It would be nice to be able to decode smaller frame dimensions with faster decoding time. That would be useful for viewing 4K material on computers which can't decode the full resolution.
The same for 10- and 12-bit videos - it would be nice to be able to decode a 8-bit version for 8-bit displays with faster decoding time.
Update: a more thorough look at the code quickly disillusioned me to this idea. Same as libaom...
Feel free to come on IRC, happy to help you dive into this, it's not very difficult.
Here's a comment that gives a clue - https://news.ycombinator.com/item?id=17539791
Great news though!
No access to those machines, so I cannot guess...
a) can be targeted by C, but not by Rust
b) provide enough performance to make porting a next-gen video decoder a worthwhile exercise?
https://code.videolan.org/videolan/dav1d/graphs/master/chart...
A few have begun to embrace LLVM, and so don't care about the front-end language -- they still only say they support C, but turn out to not notice if you feed in IR from something else. Then it becomes a question of how badly your code needs the language runtime support code, or how good you are at porting it, because they will not pick up maintaining any of that under any circumstance. GC? Ha.
I think the lack of mention of GPUs in the post means the answer will be "no", but is this an area where open-source folks could realistically someday lean on the GPU for any help with decoding at all?
I see mentions of CPU/GPU "hybrid decoding" from GPU vendors, but can imagine that might only be something realistically possible with the lower-level access to the GPU the vendor's own driver team has, not via the documented shader languages and APIs.
Very very hard to do, with standard GPU APIs. You need GPU assembly to do great stuff, and this is rarely available or cross-GPUs.
Also, the issue is that, after SIMD, the run time of the things that are easy to parallelize (therefore GPU-izable) is around 25% or 30%. Which could offer some improvements, but not a x2 improvement.
Also, CPU <-> GPU memory transfer need to be avoided, on desktop, or mobiles where the memory access is not uniform, because this adds a lot of I/O latency.
So, some things are doable, but a full "GPGPU decoder" is unlikely...
Reasons a GPU vendor might be better able to do this sort of thing than an outsider who can sling OpenGL include: 1) some hybrid decoders are described as leaning partly on special-purpose video decoding hardware, which tends to be a black box to us, and 2) more-detailed understanding of and access to the details of the hardware might let you efficiently express something that's inefficient or awkward in just GLSL--in other words, same kind of reason people care about Metal/Vulkan vs. OpenGL or asm vs. C.
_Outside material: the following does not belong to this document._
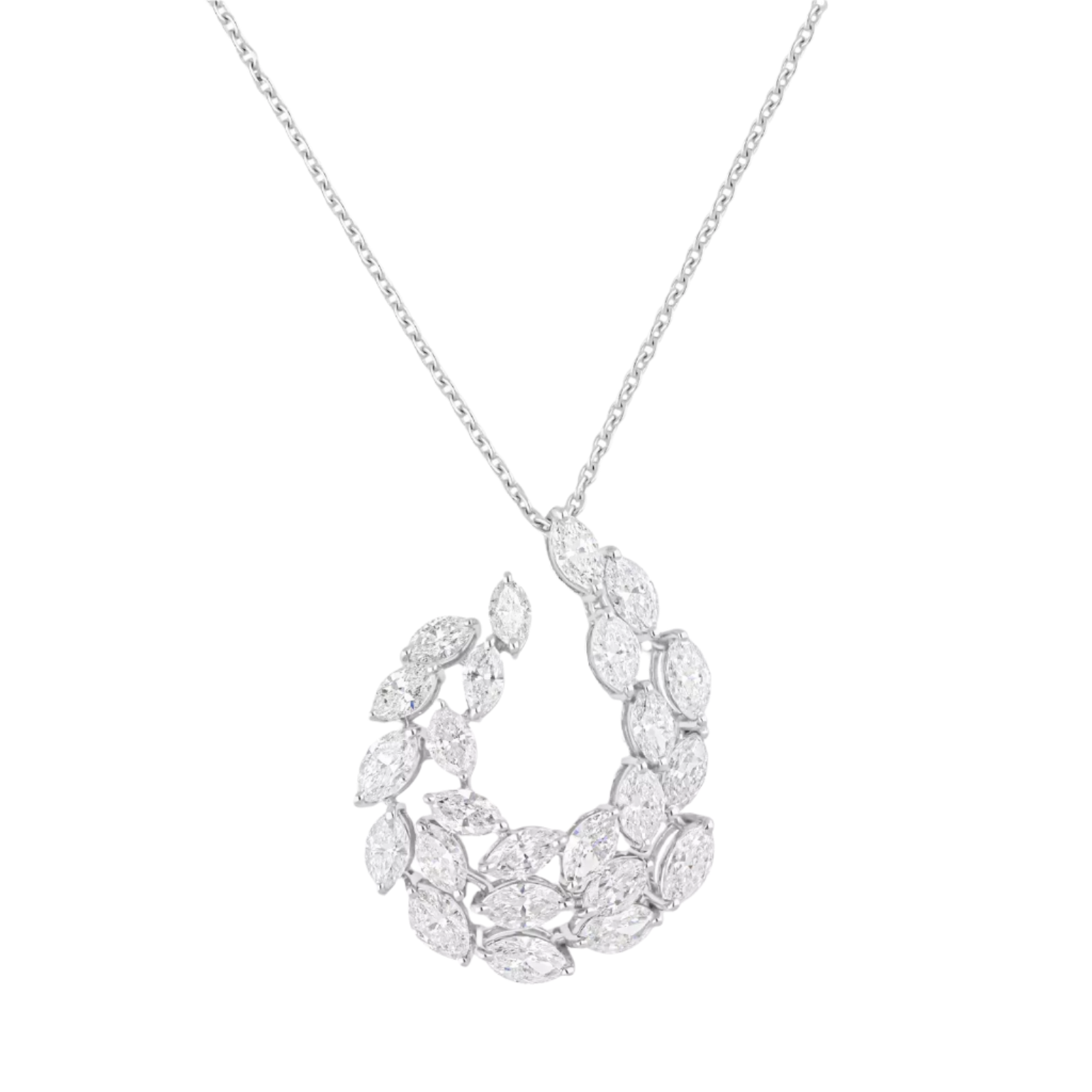 18k Solid White Gold Diamond Cluster Pendant 3.55 CTW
(The further down in the weeds I get the less sure I am of precise technical correctness, but a couple concrete things that seem to make shaderizing decoding tricky are: 1) AV1 has a ton of control-flow-y elements--blocks can be split many different ways and be different sizes, and there are lots of prediction modes--and branchy code can be bad for shader efficiency, and 2) some things seem to block parallelism, e.g. for intra prediction you need the blocks you're predicting from before you can do predictions for the next block. And given the CPU-GPU transfer latency you can't ping-pong back and forth at will; you need large chunks that run well strictly on the GPU. Could be that pieces like the transforms and post-filtering that can be cleanly separated into GPU steps, though.)
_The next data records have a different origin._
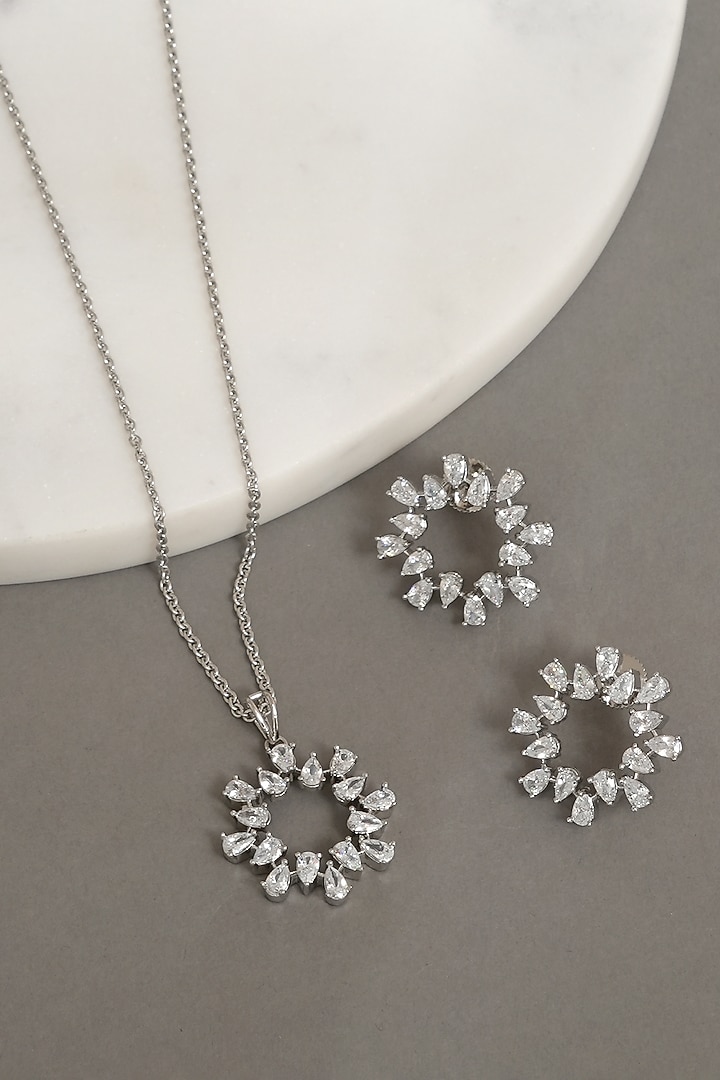 White Finish Zircon Pendant Necklace Set by Beryachi at Pernia's Pop Up Shop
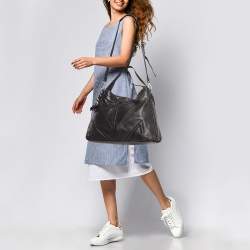 MCM Black Leather Logo Charm Shoulder Bag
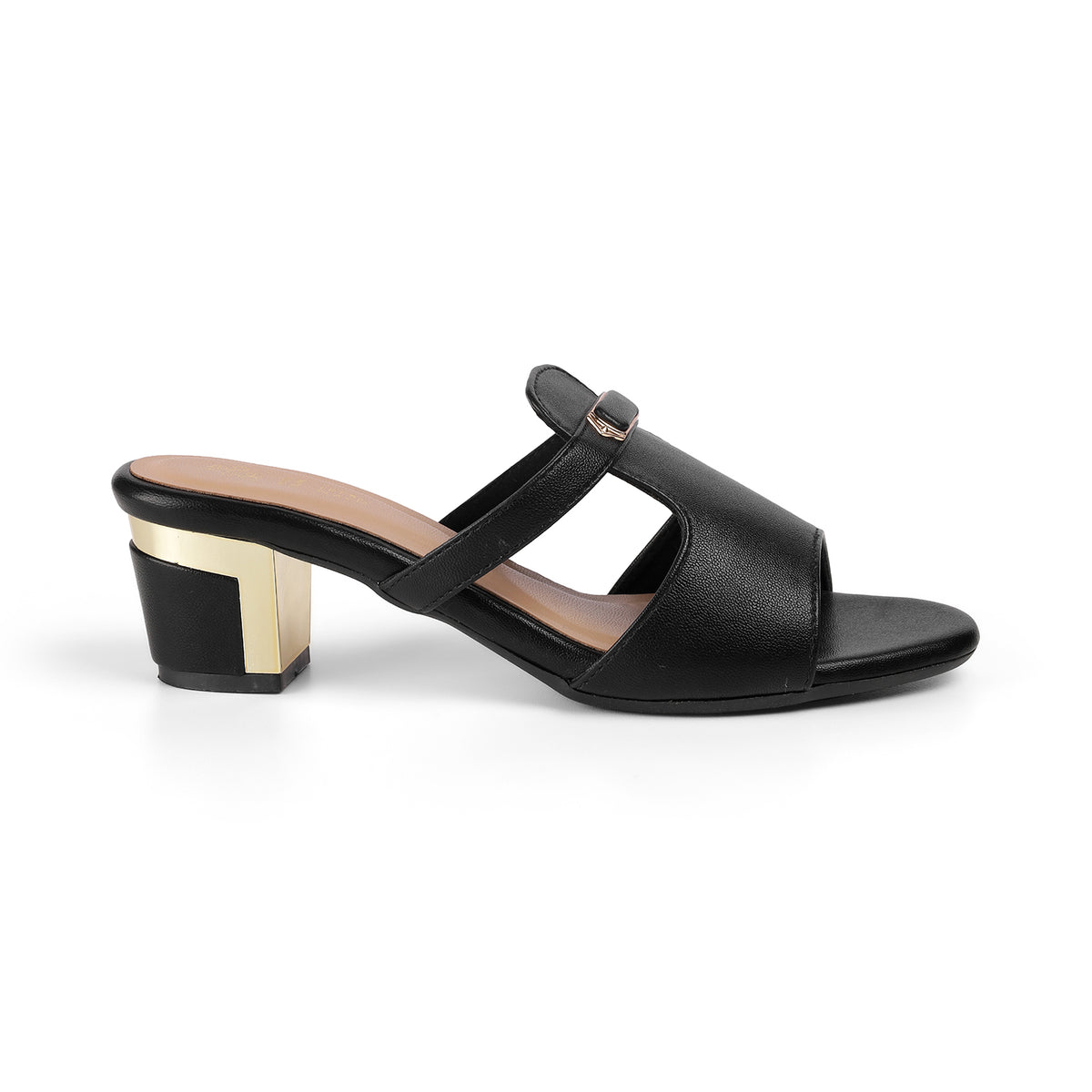 Tresmode Fiso Black Women's Dress Block Heel Sandals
An efficient open-source AV1 decoder based just on OpenGL/GLSL would be great! But since it wasn't mentioned as an ambition in the post, community-written hybrid decoders seem rare, and we had an expert about AV1 decoders in the thread, it did not seem unreasonable to me to ask how realistic it was.
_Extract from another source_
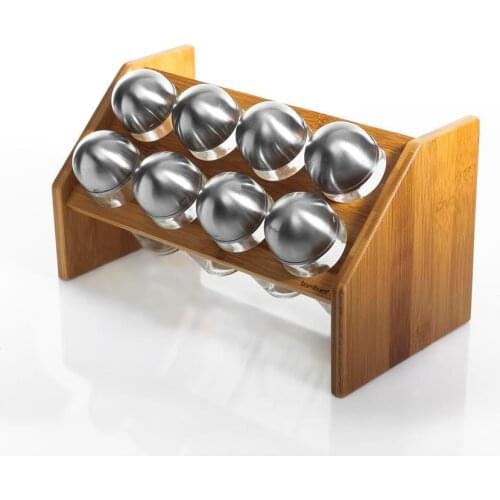 Spice Rack Jars Organizer Container Set of 9 Glass Jars With Bamboo Stand Spice Sugar Rice Holder Bottles Kitchenware Spice Set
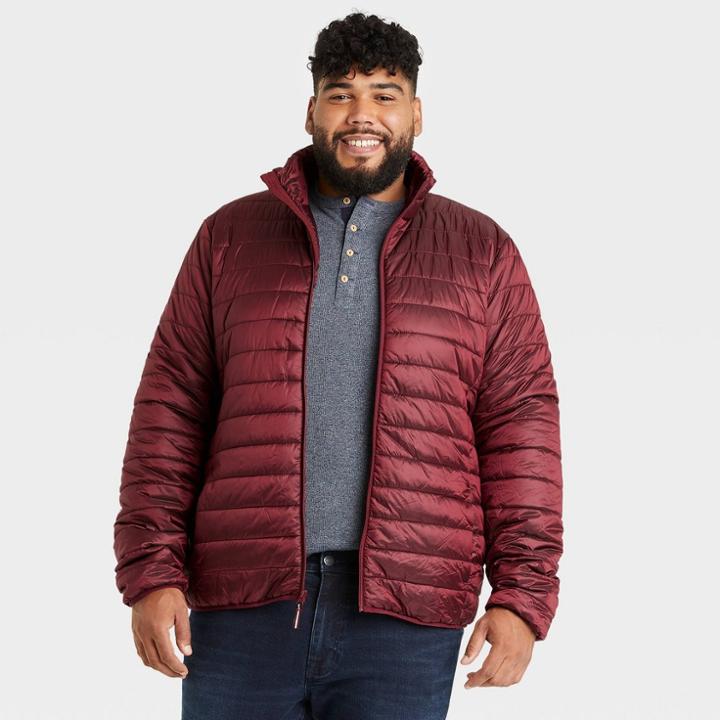 Men's Tall Lightweight Trucker Jacket - Goodfellow & Co Dark Red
Though if you manage to write an open-source OpenGL-accelerated AV1 decoder, that would definitely answer my question and leave everyone happy. :)
Is there a need to seperate VideoLAN and VLC?
Anyway nice progress, didn't expect such good results so soon. My main question right now is what the slowest system is on which AV1 is still playable. I know that older CPU and ARM optimizations are on the horizon (On the other platforms, SSE and ARM assembly will follow very quickly, and we're already as fast on ARMv8.), but I'm curious if my raspberry pi/odroid will ever be able to play 1080p AV1 Videos.
Yes, the community are not joint. VideoLAN has numerous people not working on VLC.
> Raspberry pi/odroid will ever be able to play 1080p AV1 Videos.
rPi? no. Recent o-Droid, yes.
Whoa, what? What else is going on? Oh, x264 & x265, I bet.
No actual measure, just feeling from what we've seen.